Developing new cements and concretes that are greener and more durable is the focus of the research led by Professor Bernal Lopez, who is an EPSRC Early Career Fellow. Concrete is one of the most widely used materials in the world, and as a result contributes to around 8% of the world’s global CO2 emissions.
By studying new low-carbon cements, Professor Bernal Lopez and her team aim to develop sustainable cement alternatives that can be produced from wastes or by-products from different industrial, mining or agricultural processes.
The IOM3 (Institute of Materials, Minerals and Mining) recognises personal achievements and rewards researchers for excellence in their published work and contributions to the profession.
Professor Bernal Lopez was delighted to receive the 2020 IOM3 Rosenhain Medal and Prize. She said:
“I feel humbled and honoured to be the recipient of this prestigious award, in recognition of the distinguished contributions my team and I are making to the field of cementitious materials science.
“I have been privileged to work with amazing researchers from different fields throughout the years. This has broadened my approach to research in cement and concrete to drive innovation.”
The University of Leeds is home to leading facilities such as its Centre for Infrastructure Materials, a UKCRIC integrated research capability designed to help civil engineers transform the materials of today.
The Neville Centre of Excellence in Cement and Concrete Engineering is also a valuable point of contact for both industry and academia to drive innovation and research-led education in cement and concrete.

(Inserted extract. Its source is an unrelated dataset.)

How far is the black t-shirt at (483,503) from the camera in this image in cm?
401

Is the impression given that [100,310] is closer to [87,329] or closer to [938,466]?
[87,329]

Professor Bernal Lopez added:
“The UK’s research in Materials Science and Engineering is world-leading, and with so many exciting developments going on in this field. It is particularly pleasing that IOM3 recognises the important role of my research in cement and concrete.
...it is important to continue supporting the creation and understanding of more eco-efficient materials for the development of our future built environment.
“Infrastructure is usually taken for granted until something goes wrong. So, it is important to continue supporting the creation and understanding of more eco-efficient materials for the development of our future built environment.”
The IOM3 awards ceremony is currently scheduled to take place in December 2020, subject to change.
The IOM3 Rosenhain Medal and Prize is awarded in recognition of distinguished achievement in any branch of materials science.
The Materials and Structures research group is part of the School of Civil Engineering at Leeds.
The UKCRIC Centre for Infrastructure Materials is based at the University of Leeds.
The Neville Centre of Excellence in Cement and Concrete Engineering is based at the University of Leeds.